新海誠監督の最初の2本、1人で作ったという短編「ほしのこえ」と、90分ほどの長編「雲のむこう、約束の場所」をDVDで見た。
2本ともSFなのだが、新海誠の描きたいすれ違いや喪失感はSFとは相性が悪い。
だから続く「秒速5センチメートル」からはSFやめたのは全く正解。
「ほしのこえ」は地球と宇宙にひき離された少年少女の物語で、時間と距離に引き裂かれる男女という、「秒速」や「言の葉の庭」に通じるテーマ。で、少女が宇宙へ行く理由が巨大戦闘ロボットに乗って宇宙人と戦うため、というのが当時のアニメの流行にそのまま乗っかっている。
まあ、ここでオリジナリティを出して「インターステラー」みたいなことをやったらとても25分じゃ終わらないので、ここは巨大戦闘ロボットアニメに乗っかってもOKとしよう。
少女が学校の制服のままロボットに乗ってるのが変といえば変だけど、もしかして、これ、少女の妄想?と思わせる。
「雲のむこう」みたいに少女は長い眠りについてしまっていて、あるいは死んでしまっていて、それが8光年という距離として描かれている、のかもしれない(?)。
少年が大人になって艦隊勤務になっても宇宙へ行けそうにないしなあ。
でも、「ほしのこえ」は短編なので、時間と距離に引き裂かれる男女というテーマがダイレクトに伝わってくる。
これで一気に有名になった監督が次に作ったのが長編「雲の向こう、約束の場所」で、これはストーリーをもっと練らないとだめだ。
日本が津軽海峡で南北に分断されていて、北海道はユニオン、青森から南はアメリカが支配しているような感じの日本が舞台。
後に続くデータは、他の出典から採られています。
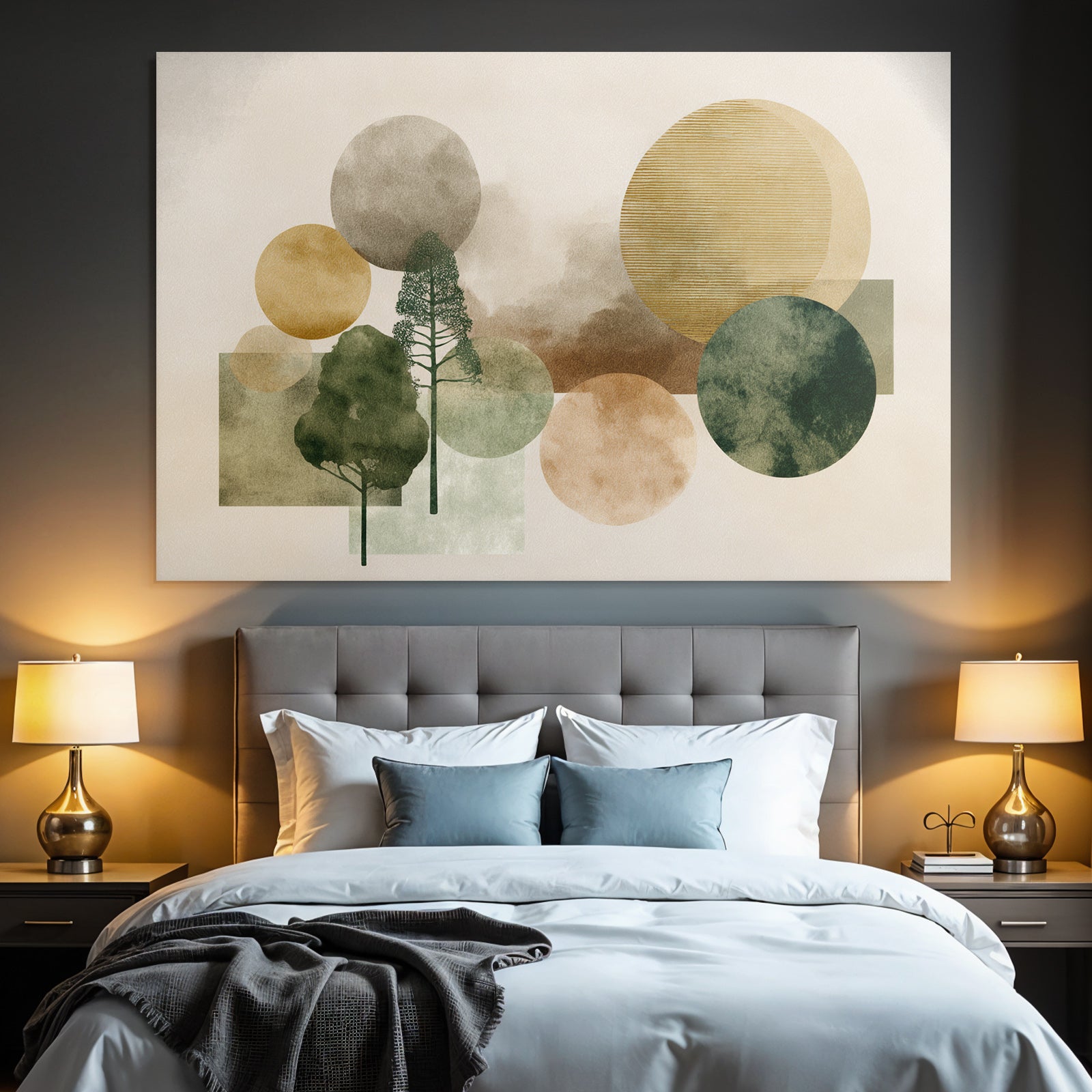 Abstract Trees With Circles Muted Colors Greens Browns Golds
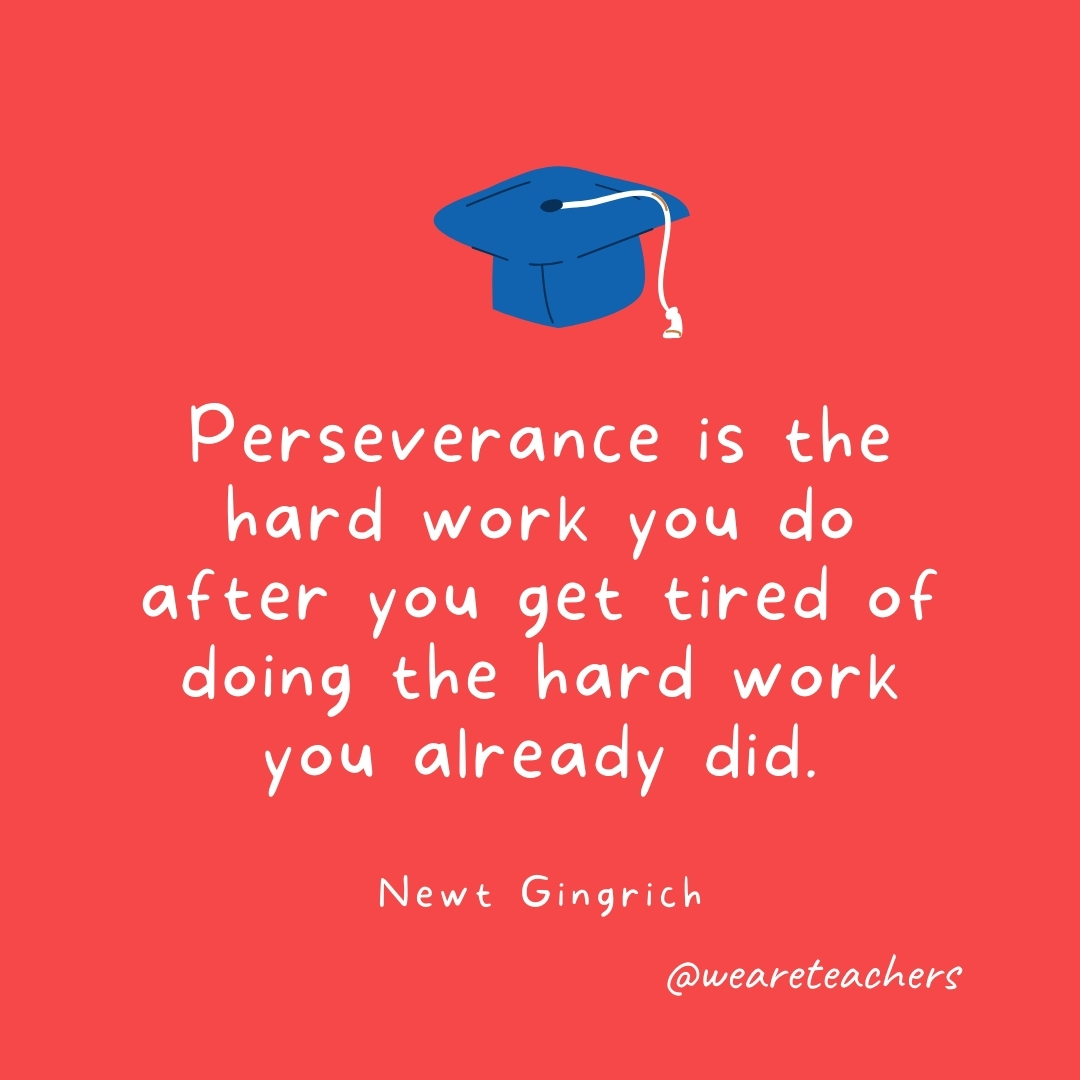 Perseverance is the hard work you do after you get tired of doing the hard work you already did. —Newt Gingrich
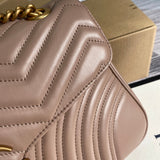 Bellvora ‎443496 Gg Marmont Medium Matelassé Shoulder Bag Nude Pink Leather Gold Hardware detail shot – authentic designer craftsmanship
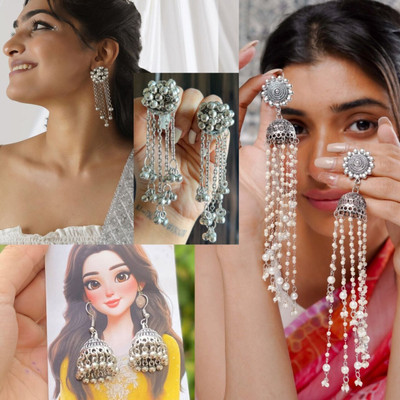 ISLANA Combo of 3 Oxidised Earrings for women and girls Alloy Jhumki Earring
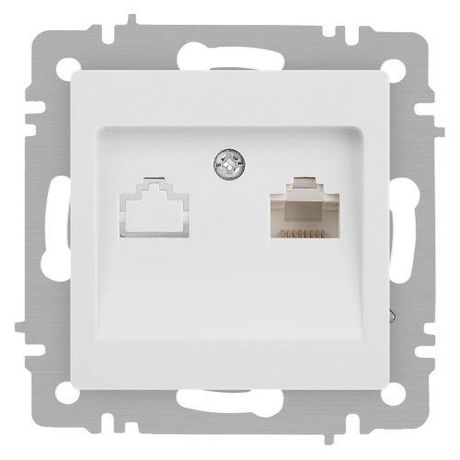 Розетка компьютерная 1-м СП Accent 6-303-01М RJ45 IP20 бел. матов. Intro Б0063625 ЭРА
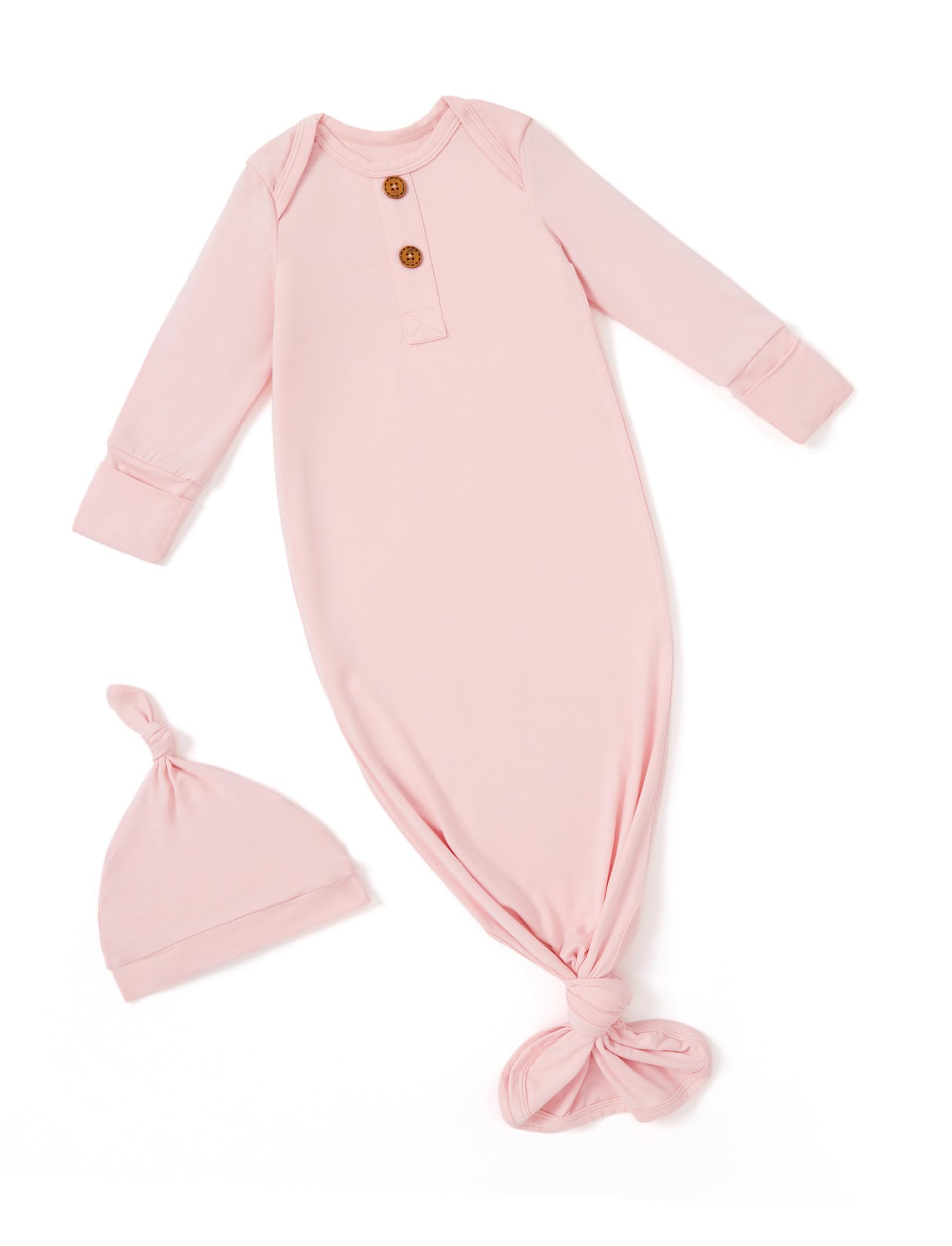 PATPAT Baby Sleeper Gown with Bamboo Viscose for Newborn Girls Boys, Knotted Nightgown with Mittens for Infant Home Coming, Petal-Hat, 3-6M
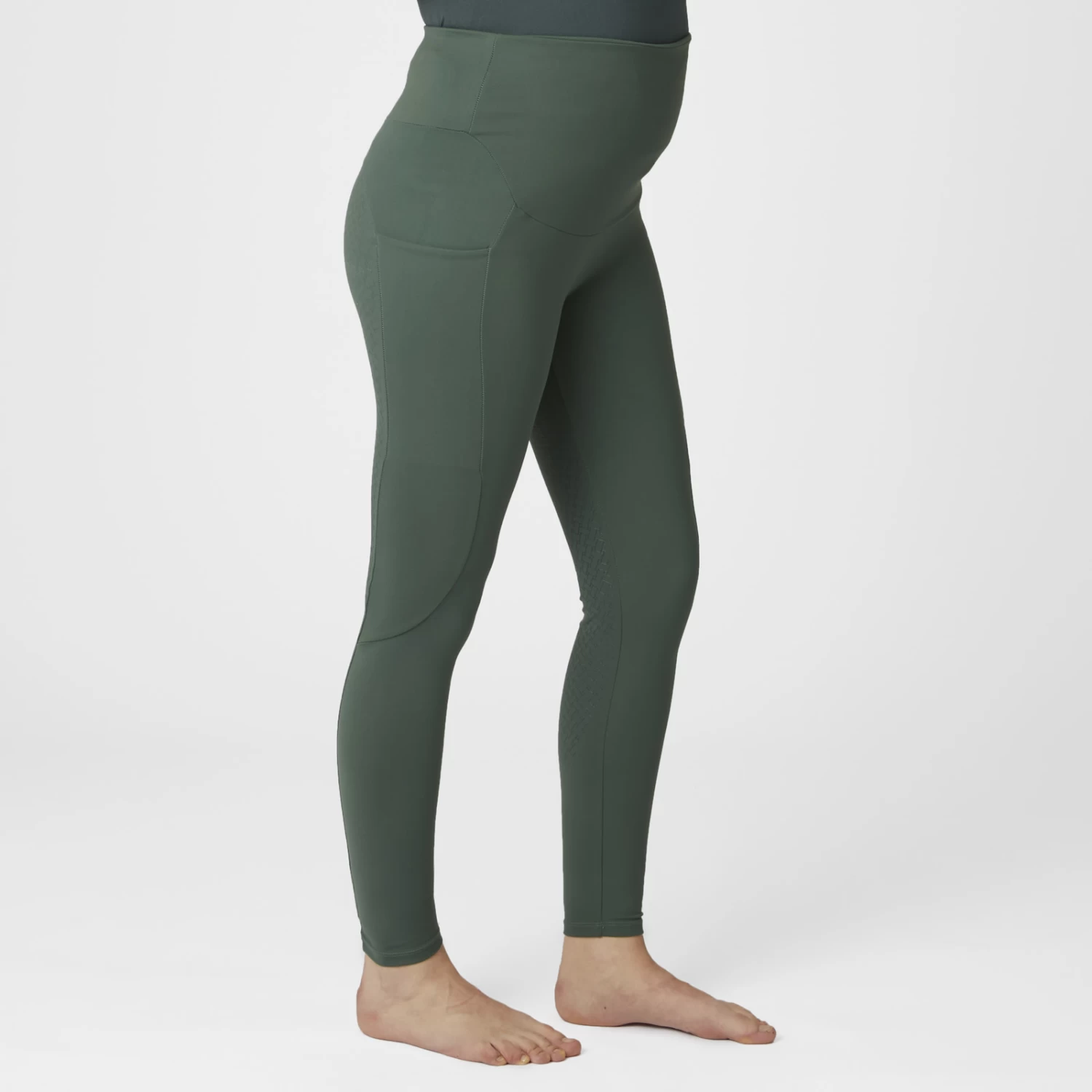 Horze Ginny Womens Maternity Full Seat Tights - Cilantro Green - Image 3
北海道にユニオンが建てた天にまで届く塔があり、その塔に飛行機で行くと約束した3人の少年少女の物語と、日米対ユニオンの対立と戦争の話がからみあっている、のだが、この対立と戦争のところがあまり面白くないというか、うーん、2004年公開の映画だそうだけど、ちょっとコンセプトの古いSFじゃないかなあ。
一方、新海監督こだわりのすれ違いと喪失感の方はSFストーリーの陰になってしまっていて、時々思い出したように出てきて、あとは最後に出てくるけど、正直、これが全体のテーマに見えないので、最後も感動しない。
背景はきれいだけど、この2作、キャラクターの絵があまり魅力がない。
「雲のむこう」には「君の名は。」のかたわれどきに似たシーンが出てくるので、これもまた「君の名は。」につながっていることはわかる。わかるけど、やっぱり失敗作だろうな。
新海監督はSFが好きなのはわかるが、結局、SFを捨てた「秒速」からが本領発揮になっているわけで、あのテーマとSFがやはり合わないのだろう。でも、「雲のむこう」の最後に出てくる飛行機の絵がとても魅力的なので、別のテーマでSFやってみてもいいかもしれない。
「君の名は。」であのテーマは到達点に達したというか、それまでの作品は時間と距離がどんどん離れていく一方だったけれど、「君の名は。」は時間と距離を入れ替わりによって克服する話なのだ。
前作「言の葉の庭」では時間は2人の年齢差(15歳と27歳)だったけれど、こちらは年をとるにつれて年齢差がしだいにそれほど大きく感じられなくなるはずだし、距離も超えられない距離ではないので、実は前作ですでに時間と距離の克服が暗示されていたと言えるのかもしれない。